Friday, November 6, 2009
Loneliness and Solitude
As a writer, I spend much of each day sitting by myself in front of my computer. Sometimes, I enjoy being alone and sometimes I don't. When we are alone there are two possibilities: we can feel lonely or we can enjoy solitude.
Loneliness and solitude are such different spiritual states that I consider them polar opposites. So,what's the difference? Loneliness is anxious and painful—it is a type of suffering of a wounded soul. Henri Nouwen wrote eloquently about the pain of loneliness, “[It is] that strange inner gnawing, that mental hunger, that unsettling unrest that makes us say, ‘I feel lonely.’ “
However, solitude is a contented aloneness. Solitude is peaceful and even joyful. Nouwen argued that a key movement of the spiritual life is from loneliness to solitude. Solitude is the “rest” that St. Augustine was pointing to when he wrote, "Our hearts are restless until they rest in thee, O Lord."

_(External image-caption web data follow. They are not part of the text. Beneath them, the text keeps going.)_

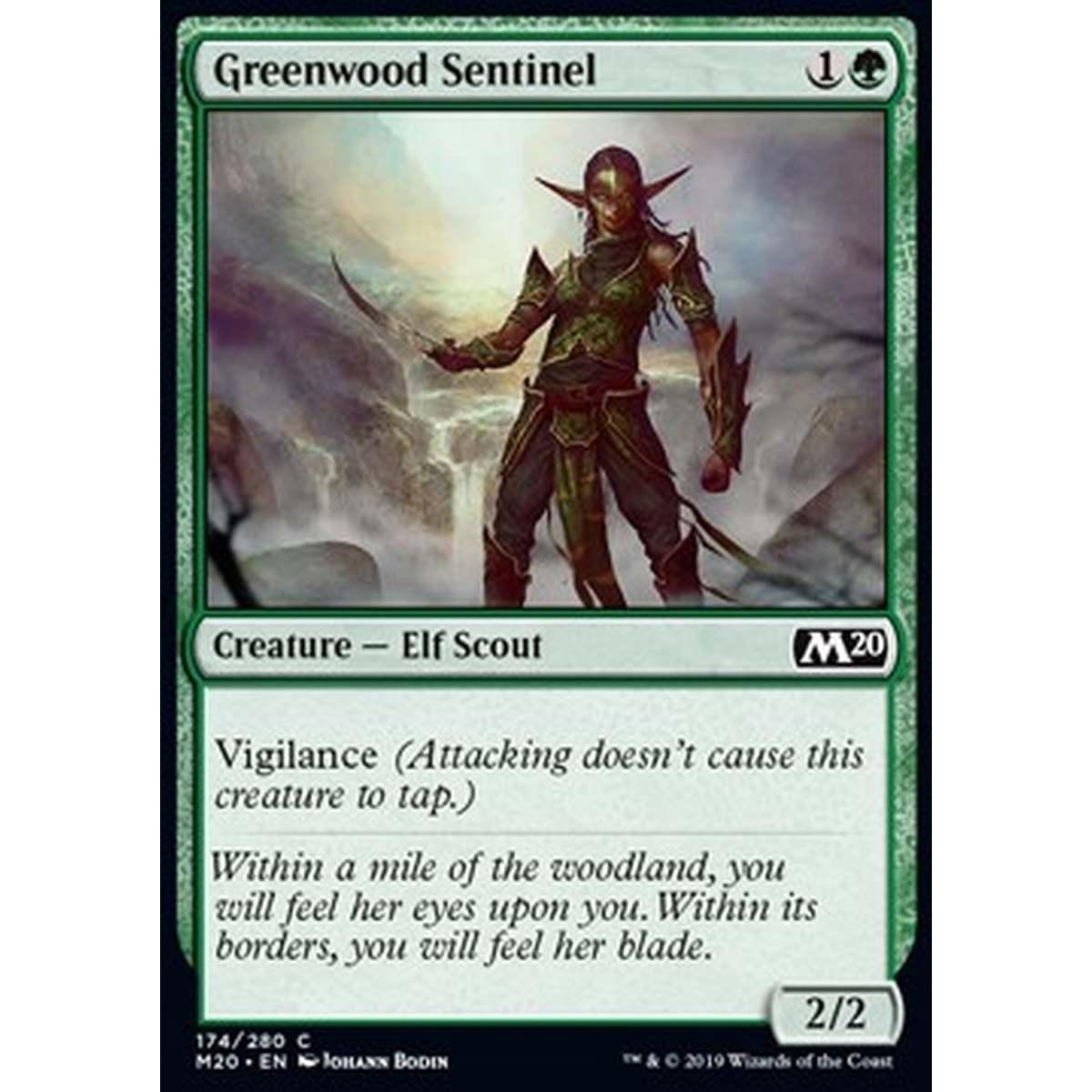 Greenwood Sentinel - Sentinella del Bosco Verdeggiante - [M20] [NM]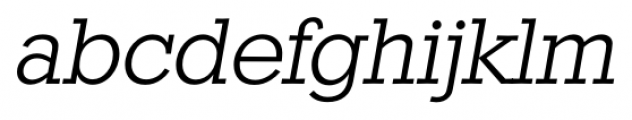 Stafford Serial Light Italic Font LOWERCASE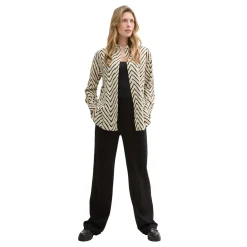 Blouse longstyle with linen
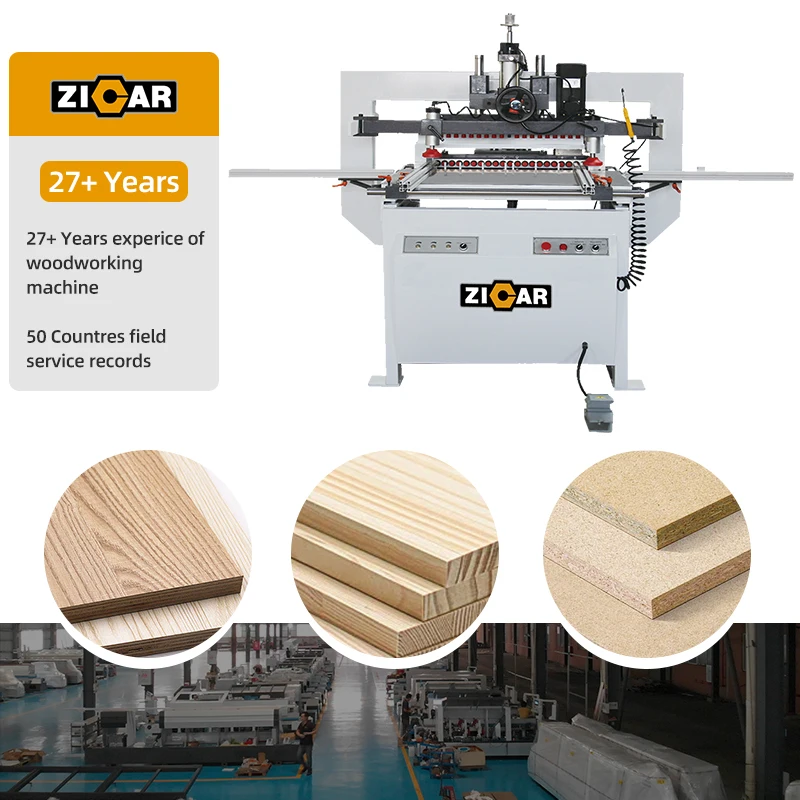 ZICAR double boring machine small boring machine can punch vertical horizontal 45 degree holes woodwork punching machine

Even though I associate solitude with certain places where I am alone, the most important solitude is an inner spiritual state that we can carry with us wherever we go. To cultivate this inner solitude I find it necessary to withdraw from the busyness of daily life from time to time. However, withdrawing by itself will not create solitude-- solitude is the byproduct of a soul at peace with itself.